Setiap kali beliau sedang di rumah, Oppung mengisi rumah kami dengan nyanyian dan ayat-ayat Alkitab yang selalu dia ucapkan. Satu hal yang khas dari Oppung adalah doanya yang sangat panjang. Waktu saya kecil, kami semua akan merasa segan kalau Oppung yang memimpin doa. Karena di dalam doanya, Oppung akan menyebutkan segala macam kebaikan Tuhan. Doa makan bisa sampai setengah jam panjangnya – hampir seperti khotbah di gereja. Semua itu adalah kenangan yang lucu, tetapi juga menjadi pengingat betapa Oppung mencintai Tuhan.
Pulang ke surga
Oppung sakit keras di tahun 2004. Untuk pertama kalinya saya naik pesawat dari Jakarta ke Medan tahun itu untuk menjenguk Oppung yang berbaring koma di rumah sakit. Beberapa lama di rumah sakit, Oppung tiba-tiba sehat kembali dan meminta anaknya untuk membantu dia menuliskan kisah hidupnya.
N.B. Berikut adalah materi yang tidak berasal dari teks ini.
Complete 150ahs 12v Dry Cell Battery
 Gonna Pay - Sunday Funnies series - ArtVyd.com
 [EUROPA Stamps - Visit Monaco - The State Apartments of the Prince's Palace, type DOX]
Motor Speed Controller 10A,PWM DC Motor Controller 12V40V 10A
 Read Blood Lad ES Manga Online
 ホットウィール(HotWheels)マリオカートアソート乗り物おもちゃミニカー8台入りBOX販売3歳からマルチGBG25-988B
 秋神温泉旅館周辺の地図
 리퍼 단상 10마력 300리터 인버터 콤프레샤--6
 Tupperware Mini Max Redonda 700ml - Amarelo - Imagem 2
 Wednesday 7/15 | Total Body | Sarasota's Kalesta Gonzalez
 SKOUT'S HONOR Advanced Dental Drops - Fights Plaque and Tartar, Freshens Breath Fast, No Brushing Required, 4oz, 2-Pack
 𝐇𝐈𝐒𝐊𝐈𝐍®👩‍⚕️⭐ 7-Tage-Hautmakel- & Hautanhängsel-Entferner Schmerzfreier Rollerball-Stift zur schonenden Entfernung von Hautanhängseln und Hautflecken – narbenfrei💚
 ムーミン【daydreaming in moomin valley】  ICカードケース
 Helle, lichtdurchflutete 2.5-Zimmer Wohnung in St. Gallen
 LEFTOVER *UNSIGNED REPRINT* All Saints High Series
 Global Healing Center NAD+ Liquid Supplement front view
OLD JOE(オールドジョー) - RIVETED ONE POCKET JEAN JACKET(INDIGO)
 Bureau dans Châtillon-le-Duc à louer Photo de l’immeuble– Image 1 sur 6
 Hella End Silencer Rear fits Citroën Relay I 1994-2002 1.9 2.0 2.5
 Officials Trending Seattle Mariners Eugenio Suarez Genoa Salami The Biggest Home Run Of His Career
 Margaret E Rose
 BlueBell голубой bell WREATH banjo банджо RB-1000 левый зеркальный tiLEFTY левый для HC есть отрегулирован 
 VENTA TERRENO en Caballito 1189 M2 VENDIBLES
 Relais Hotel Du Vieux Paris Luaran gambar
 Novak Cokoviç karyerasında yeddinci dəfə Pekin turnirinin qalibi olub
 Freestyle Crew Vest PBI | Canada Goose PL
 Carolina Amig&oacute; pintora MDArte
Beberapa bulan kemudian kami mendapatkan kabar bahwa Oppung masuk rumah sakit lagi, dan hanya beberapa hari kemudian Oppung meninggal dunia.
Oppung meninggal dunia di usia sekitar 90 tahun. Ada ribuan orang datang melayat selama beberapa hari Oppung disemayamkan di rumah sebelum dimakamkan. Bahkan ada 2000 atau 3000 orang datang di hari terakhir sebelum Oppung dikuburkan.
Orang-orang ini datang bukan karena beliau meninggal sebagai orang penting, tetapi orang-orang ini datang karena pernah disentuh kehidupannya oleh Oppung Bapak. Kami mendengar ratusan cerita dari orang-orang yang bahkan tidak kami kenal, betapa Oppung memperhatikan mereka ketika anggota keluarga mereka sedang terbaring di rumah sakit. Oppung datang melayani mereka, mendoakan dan menguatkan dengan Firman Tuhan… bahkan memberikan uang dari kantung celananya yang lusuh, meskipun hanya punya sedikit tapi beliau selalu ingin menolong orang lain.
Oppungku pulang sebagai seorang legenda. Petrus yang artinya batu karang, nama yang dipilihnya sendiri sudah dia buktikan sepanjang hidupnya. Seluruh hidupnya, diberikan untuk menjadi batu karang di mana kemuliaan Tuhan boleh dinyatakan.
Tidak ada warisan harta benda yang aku terima sebagai cucunya. Tetapi sebuah warisan iman – bahwa Allah mencintai dunia dan ingin menyelamatkan kita dari dosa melalui Tuhan Yesus Kristus. yang sudah turun ke dunia dan mengorbankan hidup-Nya bagi kita. Yang kepada-Nya, seorang Petrus Purba sudah memberikan hidupnya untuk melayani-Nya. Dan yang kepada-Nya, aku, cucu perempuannya juga ingin memberikan hidupku juga.
Untuk kemuliaan Allah semata. Soli Deo Gloria.
Catatan: Tulisan ini ditulis sebagai jawaban atas Tema Tantangan Menulis KLIP periode 8 – 14 November 2021. Oppungku bukanlah pahlawan nasional, tetapi bagiku dia memberikan seluruh hidupnya bagi pendidikan dan pelayanan iman bagi orang lain.
teh irene … terimakasih telah menuliskan artikel inspiratif ini.
senang membacanya, betapa pendidikan itu sangat pentin, jalan penerang bagi kehidupan.